Captioned web images:
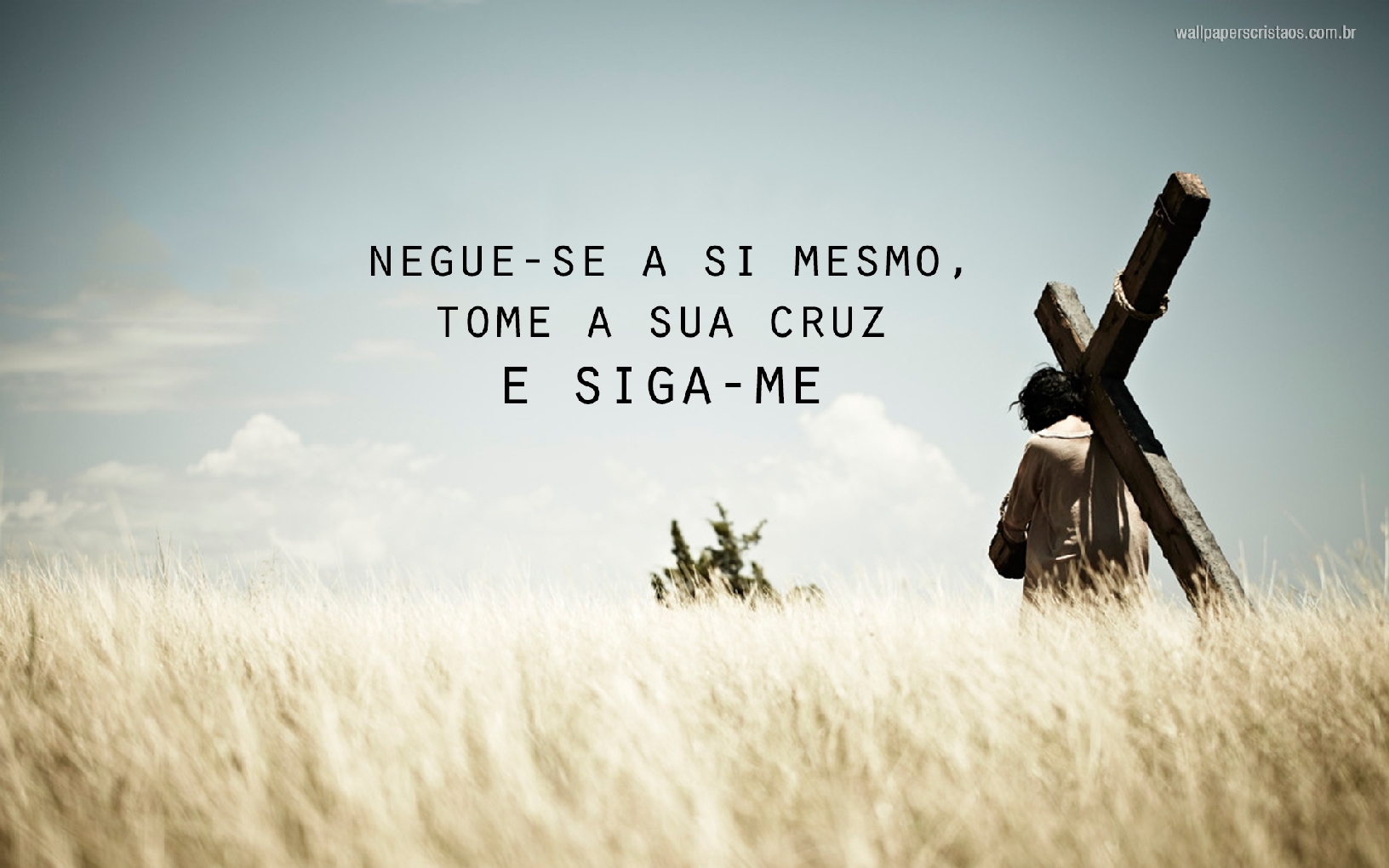 Wallpaper Cristao Hd Negue Se Si Mesmo Tome Cruz - Luke 9 23 Nkjv - HD Wallpaper 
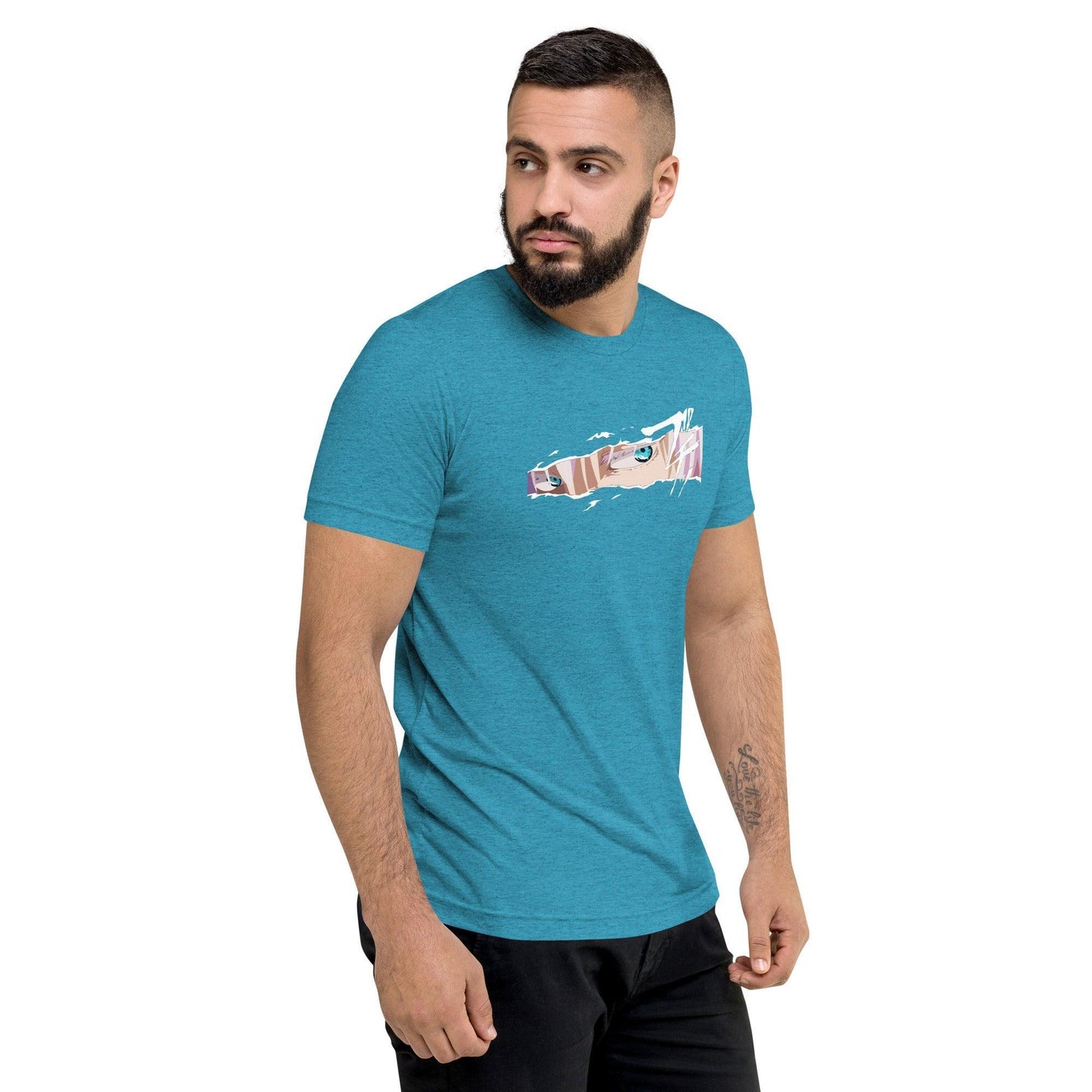 Six Eyes with this Gojo Satoru Short Sleeve T-Shirt - Rexpect Nerd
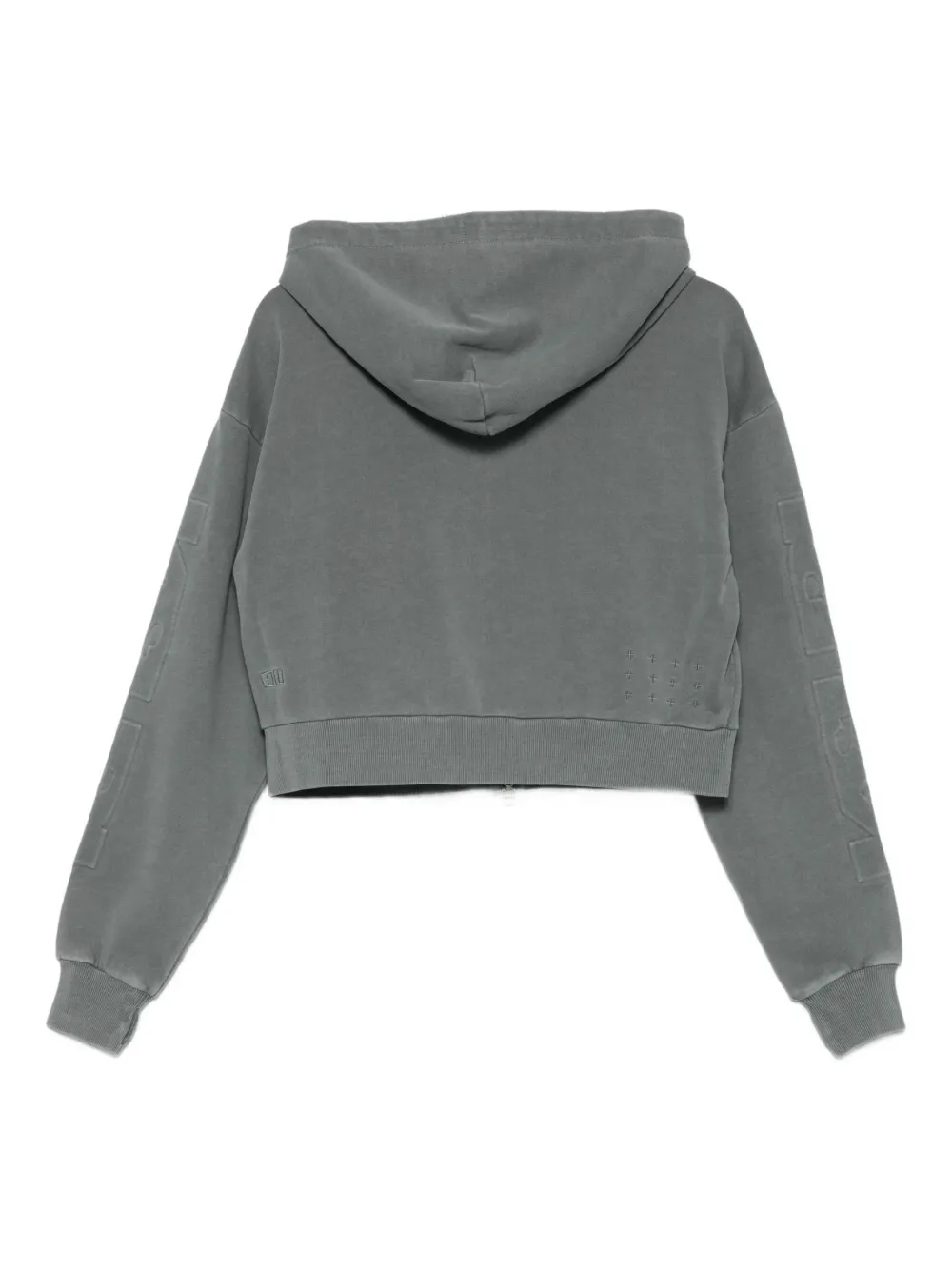  Ksubi Zip-front Logo Hoodie - Grey 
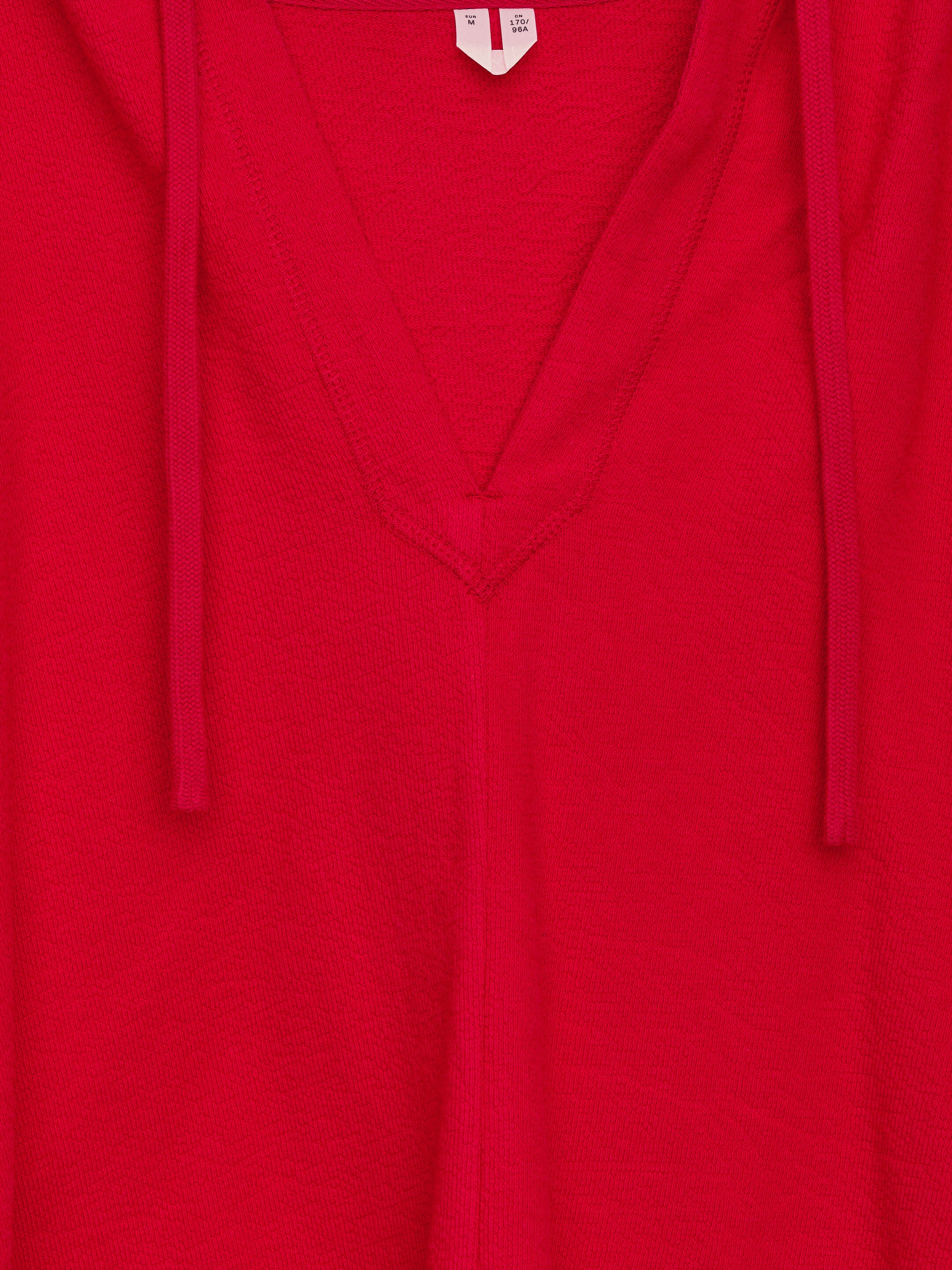 Ver imagem maior: Top com capuz em tecido turco - Vermelho - SENHORA | H&M PT 6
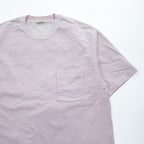 AURALEE 日本製 STAND UP TEE ポケット Tシャツ L ライトラベンダー A21ST01SU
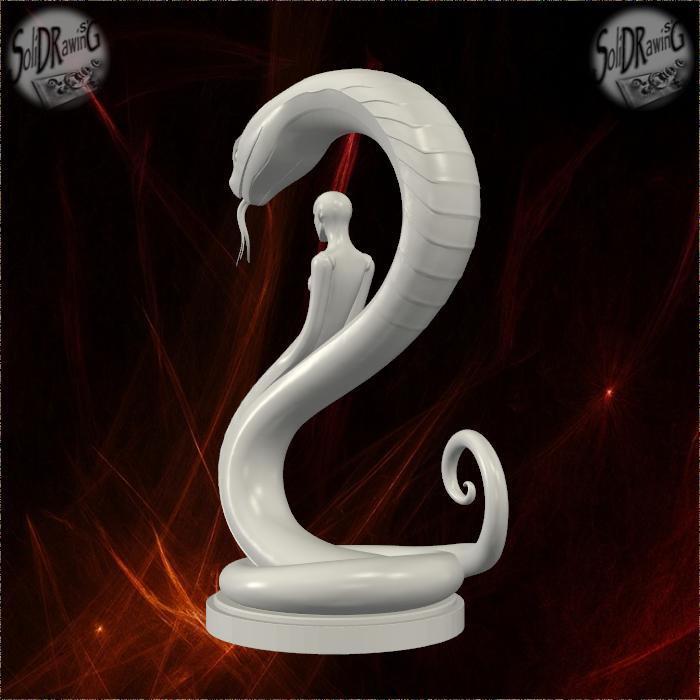 Serpent Woman Hybrid Statue – SoliDRawinGs SG948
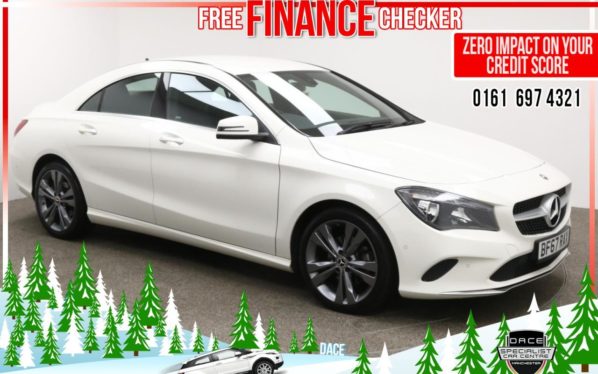 Used 2017 WHITE MERCEDES-BENZ CLA Coupe 2.1 CLA 200 D SPORT 4d 134 BHP (reg. 2017-09-01) for sale in Radcliffe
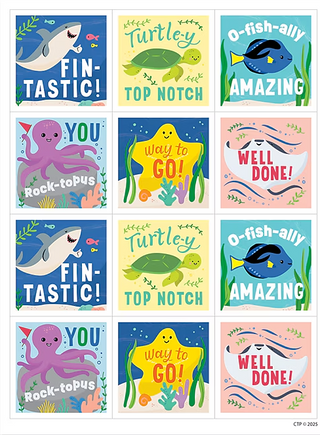 SEA FRIENDS REWARD STICKERS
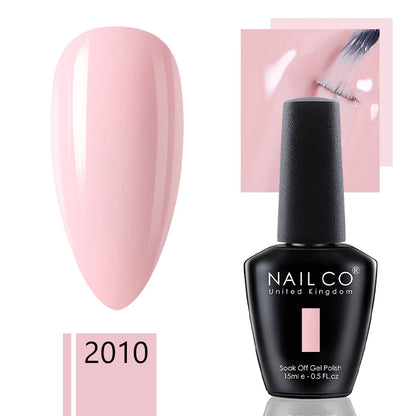 NAILCO 15ml Gel Nail Polish Nude Pink Gellak Color Series Gel Lacquer Set For Nails Glitter UV Nail Art LED Flower Gel Varnishes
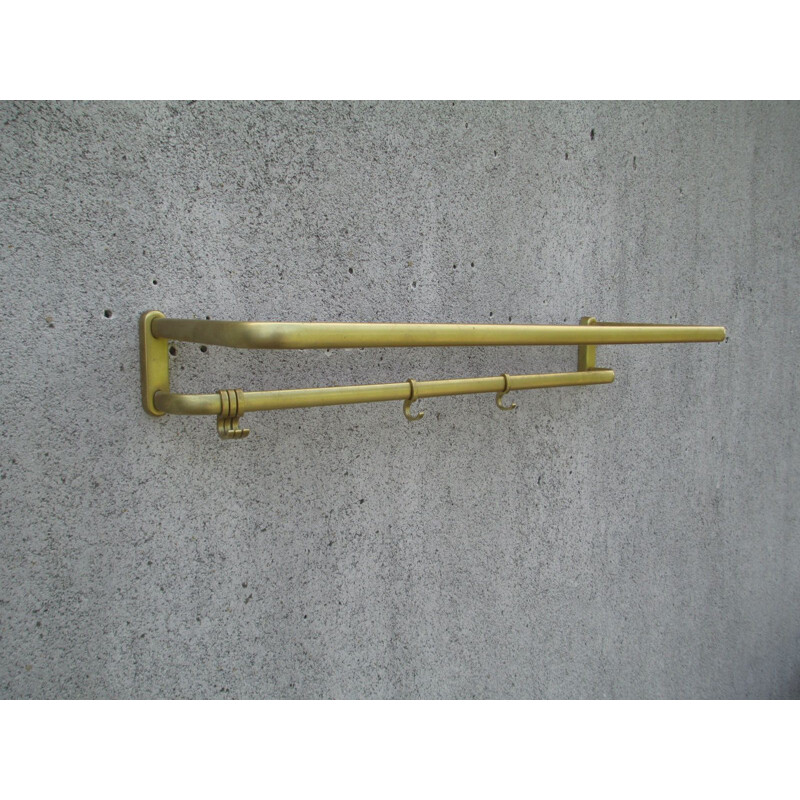 Mid century brass braided coat rack, Germany 1950s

Task description: Return all records verbatim and drop the pictures.

Response to this exercise:
 Wallpaper Cristao Hd Negue Se Si Mesmo Tome Cruz - Luke 9 23 Nkjv - HD Wallpaper 
 Six Eyes with this Gojo Satoru Short Sleeve T-Shirt - Rexpect Nerd
  Ksubi Zip-front Logo Hoodie - Grey 
 Ver imagem maior: Top com capuz em tecido turco - Vermelho - SENHORA | H&M PT 6
 AURALEE 日本製 STAND UP TEE ポケット Tシャツ L ライトラベンダー A21ST01SU
 Serpent Woman Hybrid Statue – SoliDRawinGs SG948
 Used 2017 WHITE MERCEDES-BENZ CLA Coupe 2.1 CLA 200 D SPORT 4d 134 BHP (reg. 2017-09-01) for sale in Radcliffe
 SEA FRIENDS REWARD STICKERS
 NAILCO 15ml Gel Nail Polish Nude Pink Gellak Color Series Gel Lacquer Set For Nails Glitter UV Nail Art LED Flower Gel Varnishes
 Mid century brass braided coat rack, Germany 1950s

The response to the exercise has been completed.